Bolesław Ryziński’s photography uses antinomous elements to lead us deep
into the human history. In Platon’s Politeia, the rock with the shadows cast on it
are elements of one of the most important parables about the human fate.
In the aesthetics of the Middle Ages, nature was described with anthropomorphic metaphors:
a lake was an eye, a bulrush represented an eyebrow, rock stood for the body of Christ;
its cracked surfaces were interpreted as wounds on His body - hence, when painting
The Virgin of the Rocks, Leonardo Da Vinci chose the rocky background not for
an aesthetic reason, but because of its symbolic meaning.
According to Greek mythology, Art began with an image of a shadow on a wall.
In Book 35 of his Natural History, Pliny the Elder maintains that the contour of human body
constituted the first painting ever […omnes umbra hominis lineis circumducta].
In chapter 15 he talks about a beauty of Sicyon, Kora, who falls in love with her father’s
young worker. Seeing the feelings sparkle between the two, father sends the object of her
affection on a far and dangerous journey. On the farewell evening, Kora wishes to etch a picture
of her lover in her memory. She brings an oil lamp to his face and draws his profile
[umbram ex facie eius ad lucernam in pariete lineis circumscripsit].
Thus, according to Pliny, woman became the world’s first painter.

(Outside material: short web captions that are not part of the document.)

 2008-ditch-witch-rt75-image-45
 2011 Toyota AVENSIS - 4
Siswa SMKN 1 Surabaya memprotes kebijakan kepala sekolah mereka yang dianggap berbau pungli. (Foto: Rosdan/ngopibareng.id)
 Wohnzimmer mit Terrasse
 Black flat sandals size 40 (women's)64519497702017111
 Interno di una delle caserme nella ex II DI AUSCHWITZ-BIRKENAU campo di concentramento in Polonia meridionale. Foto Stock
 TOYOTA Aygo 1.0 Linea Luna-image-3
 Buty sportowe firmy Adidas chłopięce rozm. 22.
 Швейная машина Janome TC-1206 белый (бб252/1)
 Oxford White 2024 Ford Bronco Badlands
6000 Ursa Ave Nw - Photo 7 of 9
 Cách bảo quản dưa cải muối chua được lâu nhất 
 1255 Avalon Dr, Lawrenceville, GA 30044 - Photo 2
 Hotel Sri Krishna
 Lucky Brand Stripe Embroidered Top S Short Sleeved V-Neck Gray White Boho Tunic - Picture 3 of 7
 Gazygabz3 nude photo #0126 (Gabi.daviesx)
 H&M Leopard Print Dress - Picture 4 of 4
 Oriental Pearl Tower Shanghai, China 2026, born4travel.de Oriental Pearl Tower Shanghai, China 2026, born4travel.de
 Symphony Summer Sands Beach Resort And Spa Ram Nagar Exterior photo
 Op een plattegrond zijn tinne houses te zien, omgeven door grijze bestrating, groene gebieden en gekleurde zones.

The set of extraordinary photographs by Ryziński, so simple in their poetics
(with simplicity being a goal most difficult to attain in Art), register something both elusive
and archaic. Carl Gustav Jung would probably discover in them a fleeting taste of prehistory –
the first image of a man – the beginning of all art similar to the paintings in the Lascaux Cave,
created some twenty thousand years ago. These Paleolithic shadows of animals and people still
arouse admiration with their magical expression. Born on the island of Wolin,
with it tall embankments and sea boulders, Ryziński has combined this archetype
with his present experience among the Canadian coastal rocks of Cape Breton.